Between 1981 and 1994, from their shared home in Highland Park, Sandoval and Polubinskas ran Artquake, a wall-glazing and interior design company though which Sandoval also sold his ceramic creations. Some of Sandoval's unique ceramic works were exhibited in galleries under the Artquake name.

=== Gateway to Highland Park (1994–2003) ===
In 1993, Sandoval was selected to participate as an artist contributor to the Los Angeles Metro Rail's Art for Rail Transit (ART) program. His installation, Gateway to Highland Park, was created for the Southwest Museum station.

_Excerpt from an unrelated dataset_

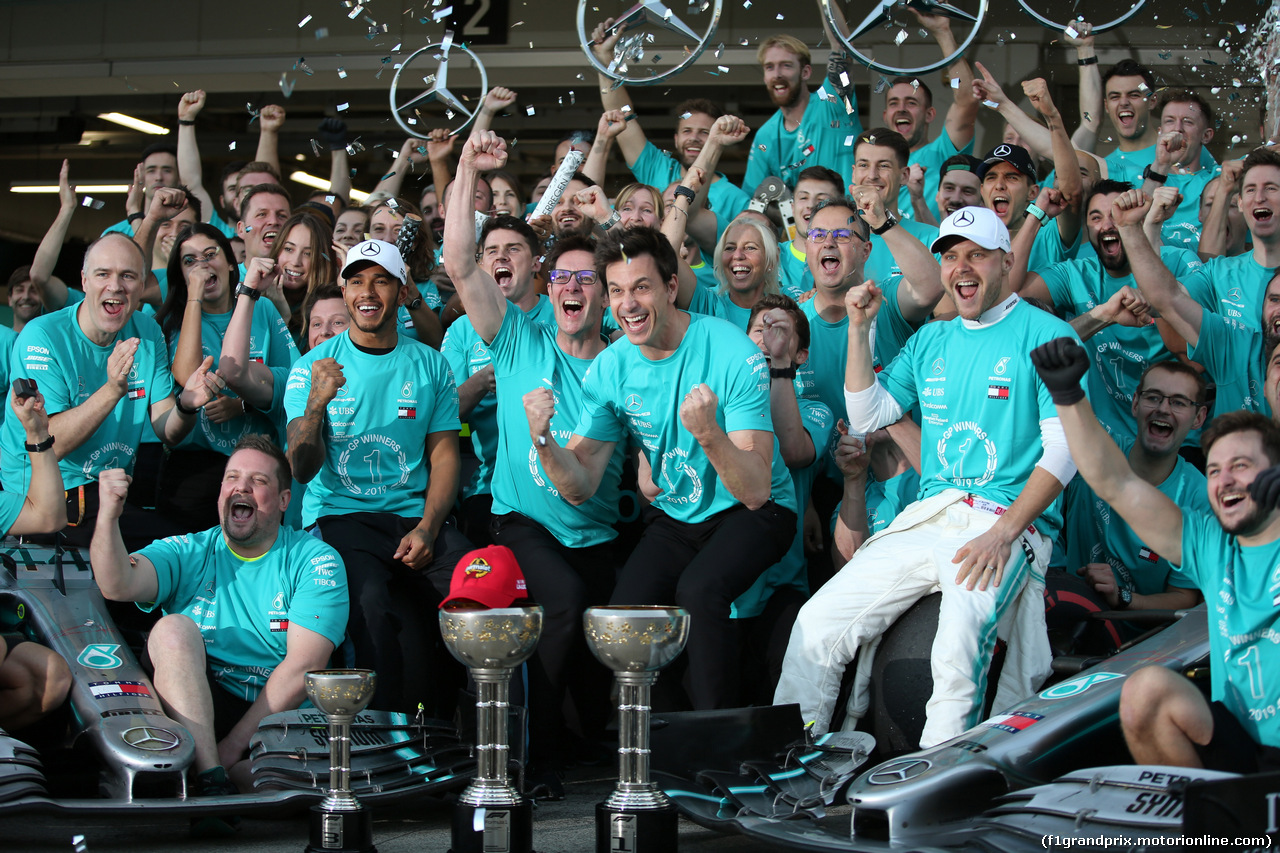 GP GIAPPONE, 13.10.2019- Mercedes AMG F1 team celebrates the victory of Valtteri Bottas (FIN) Mercedes AMG F1 W10 EQ Power, the 3rd place of Lewis Hamilton (GBR) Mercedes AMG F1 W10 EQ Power e the winning of 2019 constructor championship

The installation augmented both the area surrounding the station and the platform itself. Sandoval designed elements to invoke the movement of the Arroyo Seco River, most notably through the use of crushed blue glass aggregate to create the image of an undulating waterway on the floor of the platform. In addition to cast aluminum armchairs with fern designs, seating structures include boulders, enlarged column capitals and dice, askew and partially "submerged" into the floor. The platform is surrounded by three ceramic "guardians" on classical columns. Each "guardian" is a cylindrical figure coated with glass mosaic tiles, accessorized with steel wings and a crown. The "guardians" are also equipped with sculpted pairs of human arms, each pointing in the direction of a different location linked by the former Gold Line: Pasadena, Union Station, and the Southwest Museum.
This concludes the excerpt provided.